Uciekał, przeskakując przez płoty. Chciał się też okaleczyć

3342

To była akcja jak z filmu! Dzielnicowy ze Ścinawy zauważył mężczyznę podejrzanego o serię kradzieży z włamaniem. Szybko wezwał posiłki. Widząc policjantów, 38-latek zaczął uciekać, przeskakując przez ogrodzenia prywatnych posesji. Otoczony na jednej z nich, groził jeszcze samookaleczeniem, lecz szybko został obezwładniony przez funkcjonariuszy. Mężczyzna na 10 miesięcy trafił do aresztu.

38-letni ścinawianin, który nakradł na około 315 tysięcy złotych, wiedział, że ma wyrok do odsiadki, więc wyjechał z miasta i ukrywał się przed policją. Kiedy przyjechał – szybko został zauważony przez lokalnego stróża prawa.

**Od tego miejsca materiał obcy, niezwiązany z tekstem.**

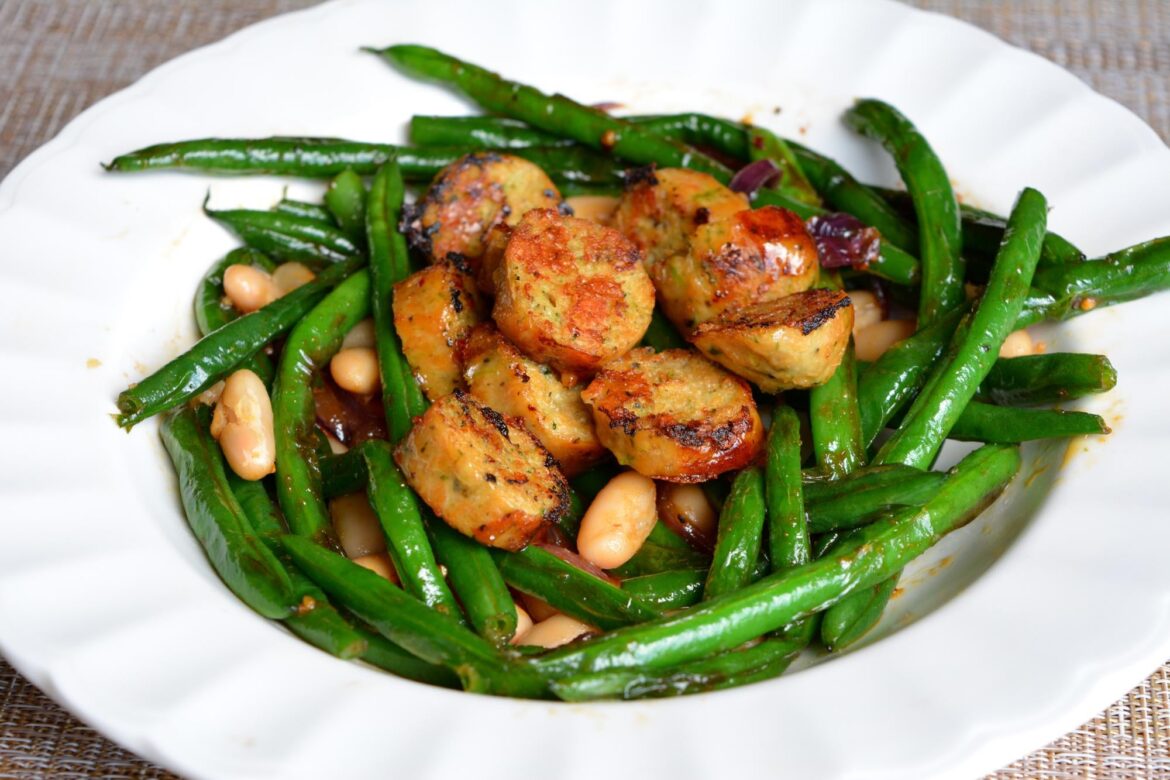 (252 cal, 17g protein) light lunch: Pesto Beyond sausage with garlicky smoky green beans.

– Policjant zawiadomił telefonicznie swoich kolegów i koleżanki, którzy akurat wyjeżdżali po służbie do domu i razem podjęli się zatrzymania ścinawianina. Ten, zauważając policyjne wozy ani myślał się poddać. Mężczyzna uciekał pieszo przez blisko kilometr, pokonując kolejne ogrodzenia i uciekając przez prywatne posesje przed biegnącymi za nim policjantami – relacjonuje asp. sztab. Krzysztof Pawlik, zastępca oficera prasowego KPP Lubin.

Na swoje nieszczęście mundurowi doskonale znali teren i zagonili uciekiniera w miejsce, gdzie nie był w stanie przeskoczyć ogrodzeń. – Desperat próbował jeszcze uniknąć zatrzymania, grożąc samookaleczaniem się nożem i pobitą butelką, lecz umiejętności funkcjonariuszy udaremniły jego starania. Zatrzymany 38-latek został błyskawicznie obezwładniony i przewieziony na komisariat. Podczas aresztowania policjanci w jego kieszeniach znaleźli 13 porcji metamfetaminy – dodaje asp. sztab. Pawlik.

Seryjny złodziej i włamywacz ma na swoim koncie włamania do firm i instytucji urzędowych na terenie miasta, kradzieże dwóch pojazdów, kierowanie pojazdami pomimo aktywnych sądowych zakazów prowadzenia i poruszania się samochodami na nie przypisanych do nich numerami rejestracyjnymi.

– W związku z wcześniej wydaną podstawą prawną przez dzierżoniowski sąd, zatrzymany trafił do aresztu na 10 miesięcy kary pozbawienia wolności za oszustwo, którego dopuścił się w ubiegłym roku w tamtym powiecie. Długa lista przewinień, nie wróży ścinawianinowi szybkiej wolności, gdyż większość przestępstw których się dopuścił przewiduje kary do 5 i 10 lat pozbawienia wolności – podsumowuje asp. sztab. Pawlik.